== Provided records
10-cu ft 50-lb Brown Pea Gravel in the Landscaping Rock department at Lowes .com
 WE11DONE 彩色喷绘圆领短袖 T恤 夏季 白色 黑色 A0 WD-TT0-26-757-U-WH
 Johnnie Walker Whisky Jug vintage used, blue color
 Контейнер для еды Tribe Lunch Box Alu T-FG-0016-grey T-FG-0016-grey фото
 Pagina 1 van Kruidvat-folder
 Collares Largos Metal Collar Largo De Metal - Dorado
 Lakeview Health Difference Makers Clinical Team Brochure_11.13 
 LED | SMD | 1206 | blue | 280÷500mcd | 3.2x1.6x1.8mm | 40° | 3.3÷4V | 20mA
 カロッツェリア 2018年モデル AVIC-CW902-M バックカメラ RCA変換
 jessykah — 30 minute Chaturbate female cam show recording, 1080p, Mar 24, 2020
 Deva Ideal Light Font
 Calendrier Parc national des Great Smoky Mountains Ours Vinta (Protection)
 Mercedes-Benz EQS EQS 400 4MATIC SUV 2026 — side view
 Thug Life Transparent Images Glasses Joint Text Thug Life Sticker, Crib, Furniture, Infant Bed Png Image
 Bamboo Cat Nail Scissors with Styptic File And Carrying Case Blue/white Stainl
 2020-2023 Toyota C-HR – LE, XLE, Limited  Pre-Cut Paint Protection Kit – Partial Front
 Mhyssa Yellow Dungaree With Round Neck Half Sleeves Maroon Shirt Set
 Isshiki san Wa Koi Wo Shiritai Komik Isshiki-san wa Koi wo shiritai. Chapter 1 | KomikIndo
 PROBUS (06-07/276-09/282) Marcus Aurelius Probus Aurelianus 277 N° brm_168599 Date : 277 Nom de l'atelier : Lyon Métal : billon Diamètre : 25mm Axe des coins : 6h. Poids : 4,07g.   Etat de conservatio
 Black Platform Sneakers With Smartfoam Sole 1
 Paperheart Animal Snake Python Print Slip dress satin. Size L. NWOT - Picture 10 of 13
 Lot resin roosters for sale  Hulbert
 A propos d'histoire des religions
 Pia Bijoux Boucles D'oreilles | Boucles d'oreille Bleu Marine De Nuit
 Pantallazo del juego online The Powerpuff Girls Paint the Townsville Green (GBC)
====
→ **Required work**: Go through the data above from its first line and copy each line exactly, stopping once the line with "A propos d'histoire des religions" has been copied.

→ **Answer below**:
10-cu ft 50-lb Brown Pea Gravel in the Landscaping Rock department at Lowes .com
 WE11DONE 彩色喷绘圆领短袖 T恤 夏季 白色 黑色 A0 WD-TT0-26-757-U-WH
 Johnnie Walker Whisky Jug vintage used, blue color
 Контейнер для еды Tribe Lunch Box Alu T-FG-0016-grey T-FG-0016-grey фото
 Pagina 1 van Kruidvat-folder
 Collares Largos Metal Collar Largo De Metal - Dorado
 Lakeview Health Difference Makers Clinical Team Brochure_11.13 
 LED | SMD | 1206 | blue | 280÷500mcd | 3.2x1.6x1.8mm | 40° | 3.3÷4V | 20mA
 カロッツェリア 2018年モデル AVIC-CW902-M バックカメラ RCA変換
 jessykah — 30 minute Chaturbate female cam show recording, 1080p, Mar 24, 2020
 Deva Ideal Light Font
 Calendrier Parc national des Great Smoky Mountains Ours Vinta (Protection)
 Mercedes-Benz EQS EQS 400 4MATIC SUV 2026 — side view
 Thug Life Transparent Images Glasses Joint Text Thug Life Sticker, Crib, Furniture, Infant Bed Png Image
 Bamboo Cat Nail Scissors with Styptic File And Carrying Case Blue/white Stainl
 2020-2023 Toyota C-HR – LE, XLE, Limited  Pre-Cut Paint Protection Kit – Partial Front
 Mhyssa Yellow Dungaree With Round Neck Half Sleeves Maroon Shirt Set
 Isshiki san Wa Koi Wo Shiritai Komik Isshiki-san wa Koi wo shiritai. Chapter 1 | KomikIndo
 PROBUS (06-07/276-09/282) Marcus Aurelius Probus Aurelianus 277 N° brm_168599 Date : 277 Nom de l'atelier : Lyon Métal : billon Diamètre : 25mm Axe des coins : 6h. Poids : 4,07g.   Etat de conservatio
 Black Platform Sneakers With Smartfoam Sole 1
 Paperheart Animal Snake Python Print Slip dress satin. Size L. NWOT - Picture 10 of 13
 Lot resin roosters for sale  Hulbert
 A propos d'histoire des religions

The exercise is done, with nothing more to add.